A Thames car dealer is launching a crusade to replace the ageing one-lane Kopu Bridge, saying it is a danger to the public and something needs to be done well before 2010-12, when Transit NZ plans to begin building a replacement.
Ian Richardson, 53, says replacing the 80-year-old bridge is not just a matter of ending the lengthy traffic jams that blight the bridge every public holiday.
"It's an issue involving safety," he said yesterday. "It's just getting really, really serious."
Mr Richardson, who is the general manager of Valley Toyota and has commuted across the bridge for 18 years, said he became particularly alarmed when the structure was closed for urgent maintenance in the middle of last month.
"You can't keep fudging it and going around and hoping it won't collapse," he said.
Transit last night moved to alleviate fears about the bridge, saying it was "perfectly sound", but Mr Richardson said Transit's own website raised concerns to the contrary - including that the bridge was at risk of collapse in an earthquake.
After the bridge was closed to fix a loose bolt on the deck on April 17, Mr Richardson began researching the structure's safety and was alarmed by what he read on the website.
Transit plans to build a new two-lane bridge, beginning between 2010 and 2012, depending on funding, and, in information about the project, says: "The existing bridge is an earthquake risk and sections could potentially collapse in a moderate earthquake."
In another section, the website says the bridge does not meet modern earthquake standards and is therefore vulnerable to natural disasters.
Transit's Waikato/Bay of Plenty regional manager, Kaye Clark, said she understood how the wording on the website could raise people's fears, but there was no cause for alarm.
"We're confident the structure is robust," she said. "With the maintenance regime, there is no need for concern."
She said the bridge was inspected regularly and last month's urgent maintenance was unusual, and not the result of neglect or deterioration.
"From the safety point of view, there's nothing structurally wrong with that bridge and it could certainly cope with the [current] traffic for many years to come with regular maintenance."
Transit has put a start date of 2011-12 on the new bridge, but hopes to bring it forward to 2010-11 if it receives the funding.
The bridge will cost $32 million and take two to three years to build.
Mr Richardson plans to lobby the Government to bring the date even further forward.
"You can't keep pussyfooting around when you've got a report like that from Transit," he said.
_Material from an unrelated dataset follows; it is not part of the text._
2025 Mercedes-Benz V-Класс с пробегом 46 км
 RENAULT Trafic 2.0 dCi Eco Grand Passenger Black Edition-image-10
Thames Coromandel District Mayor Philippa Barriball echoed Mr Richardson's concerns, saying the local council had lobbied long and hard to have the construction of the new bridge brought forward for a number of reasons, including safety.
She said the Kerepehi faultline ran right through the area where the bridge was built and there was an earthquake risk.
* The one-lane bridge across the Waihou River into Thames was built in 1927-28.
* It is 465m long and provides the main access for traffic from Auckland and areas of Waikato into the Coromandel.
* An average of 7700 vehicles use it daily, but the number can double during holiday peaks, and the bridge has long been plagued by traffic jams.
* Now, a local man is also raising concerns about its safety.